(Source records)

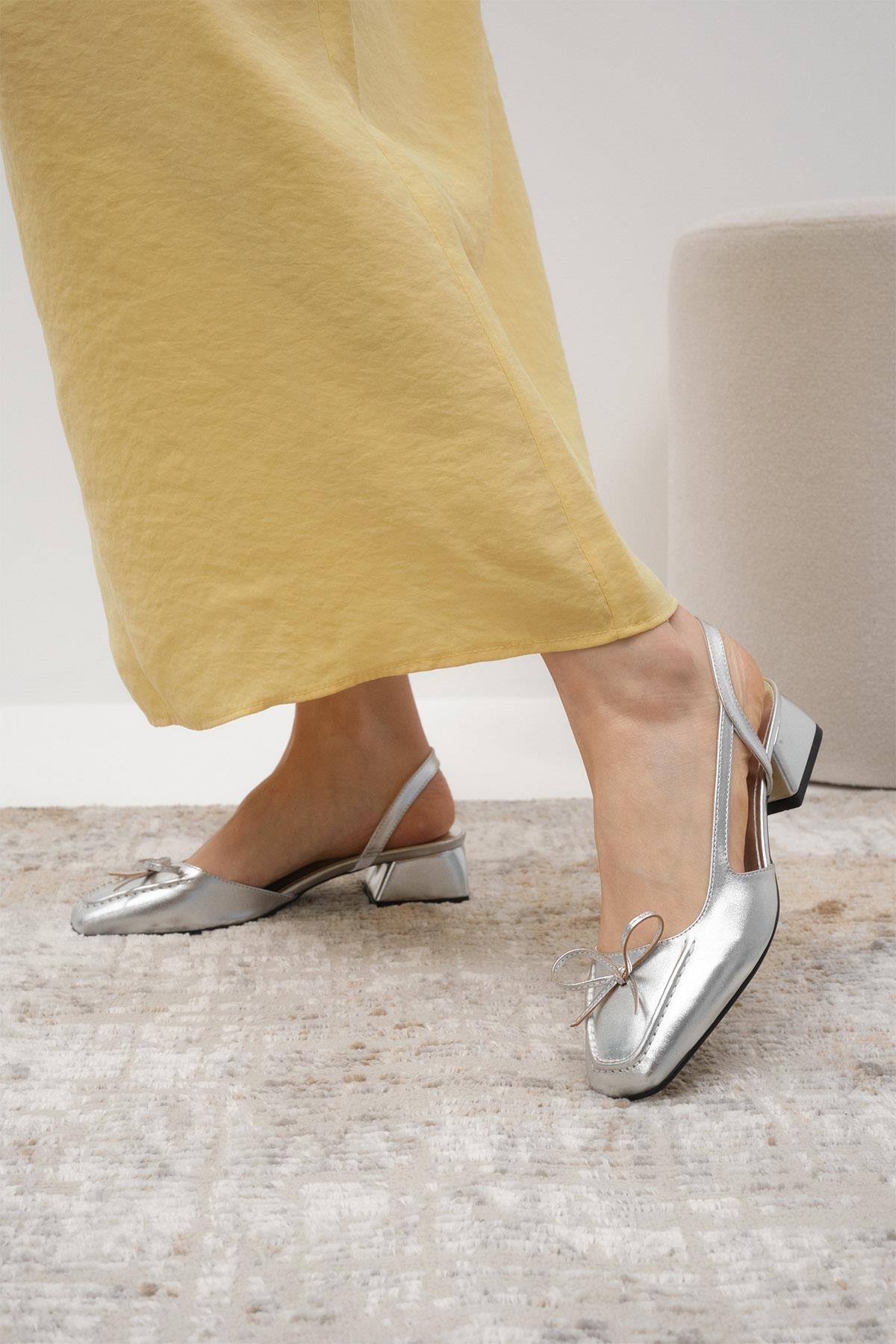Bria Silver Color Short Heels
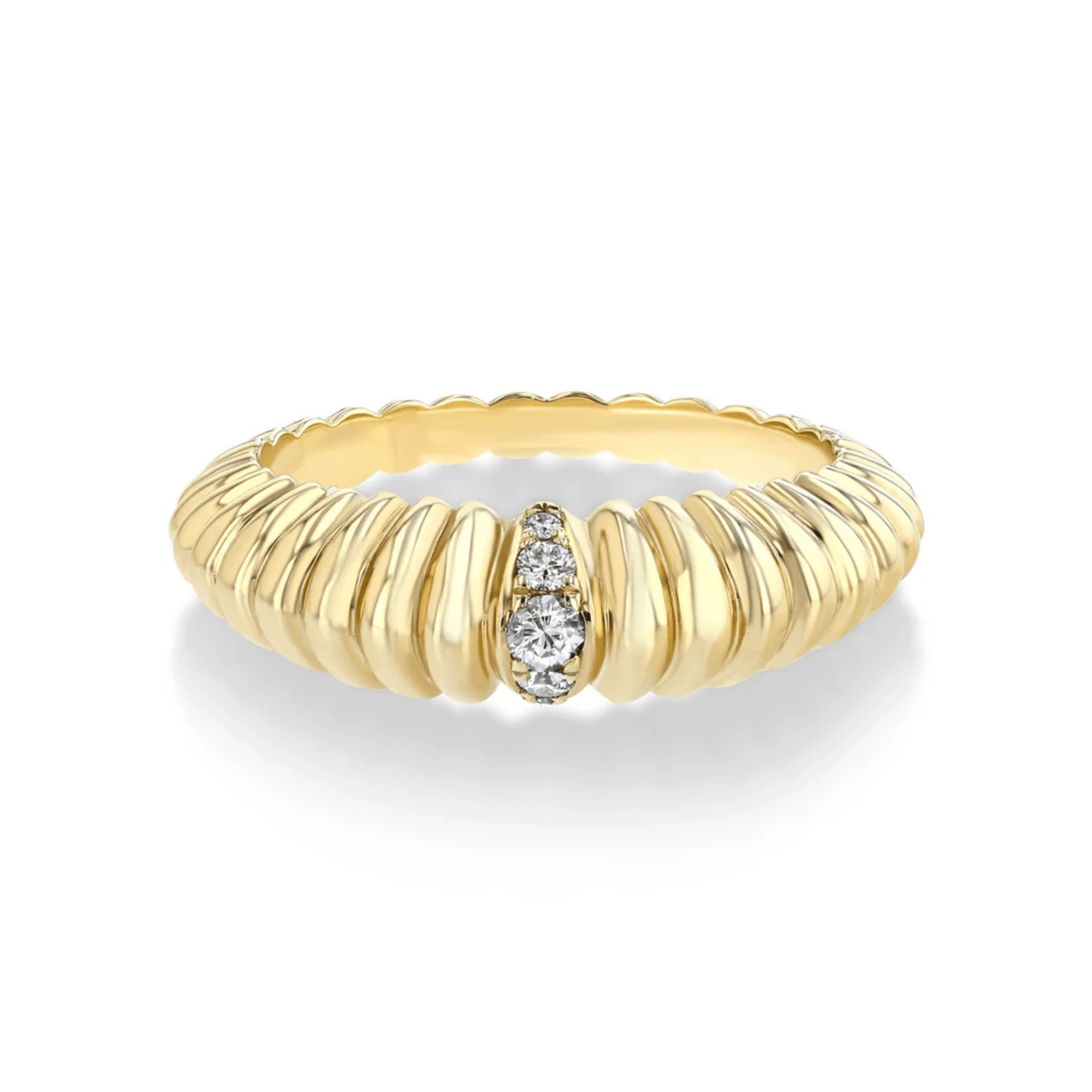 18K Gold Fluted Crescent Ring with Pave Diamond Row - Peridot Fine Jewelry - Lizzie Mandler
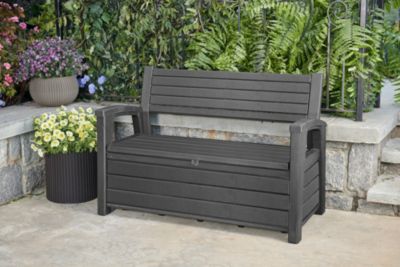Banc d'extérieur Otter avec coffre de rangement en résine coloris gris anthracite - 227L - KETER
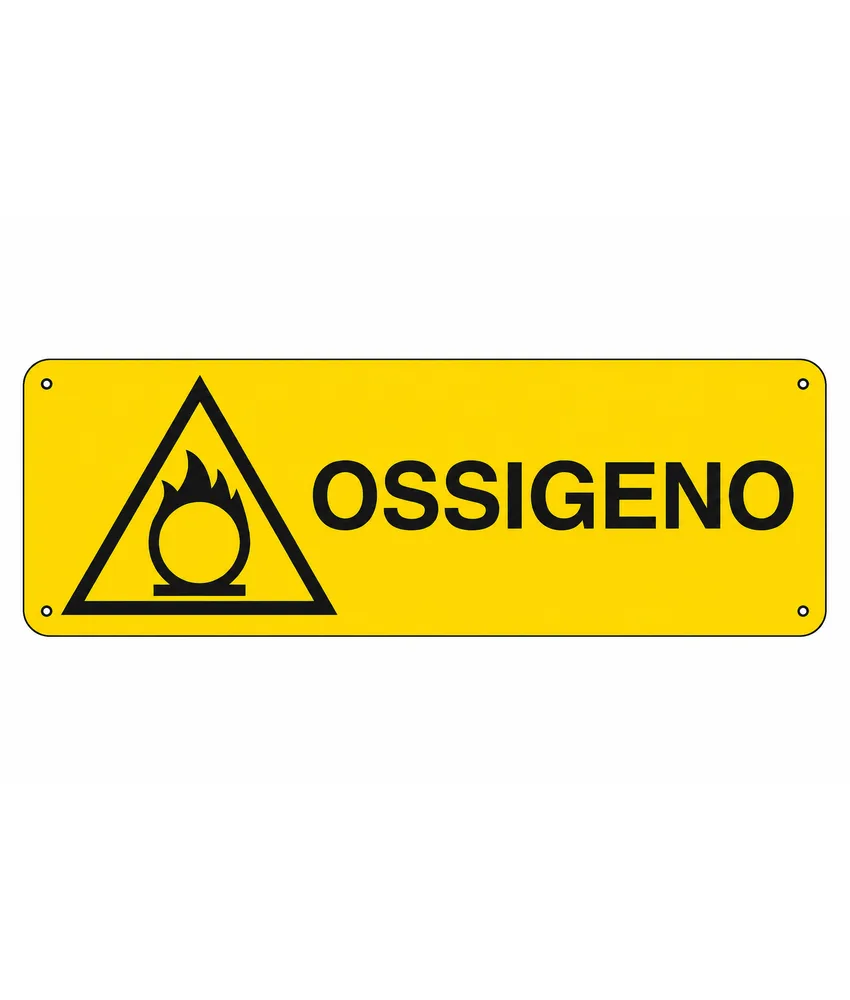 5 Etichette adesive pericolo ossigeno, dimensioni 350x125mm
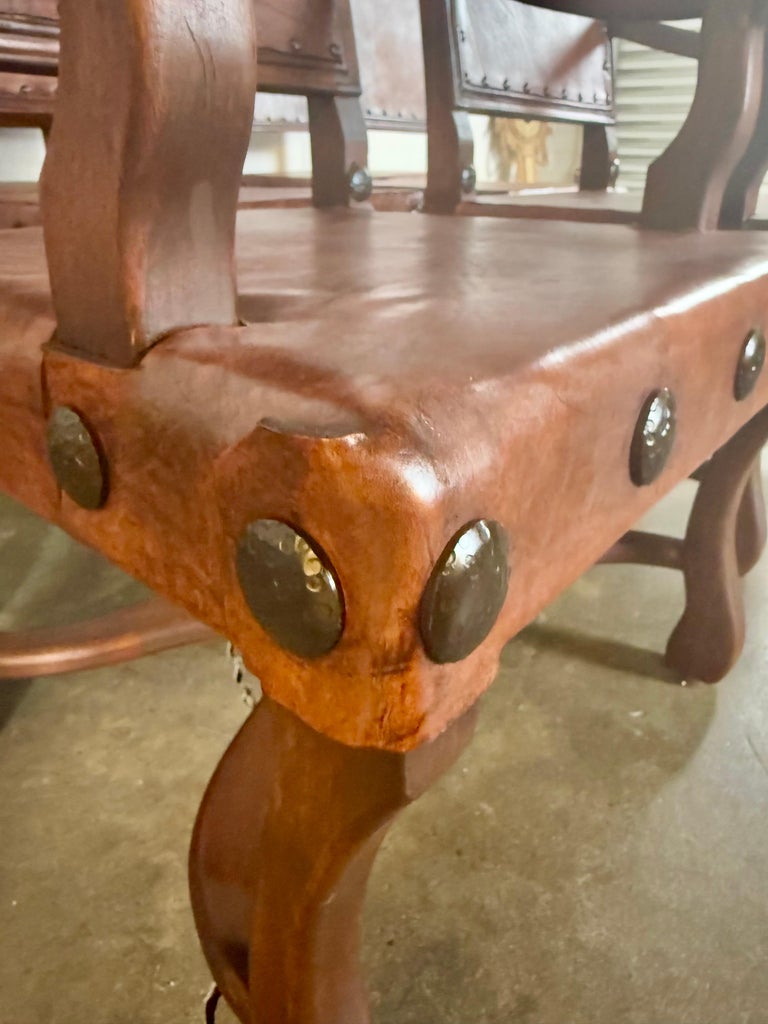 Set of Eight Spanish Walnut & Leather Dining Chairs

Work order
Each record should be printed again precisely, though not its pictures.

Reply
Bria Silver Color Short Heels
 18K Gold Fluted Crescent Ring with Pave Diamond Row - Peridot Fine Jewelry - Lizzie Mandler
Banc d'extérieur Otter avec coffre de rangement en résine coloris gris anthracite - 227L - KETER
 5 Etichette adesive pericolo ossigeno, dimensioni 350x125mm
 Set of Eight Spanish Walnut & Leather Dining Chairs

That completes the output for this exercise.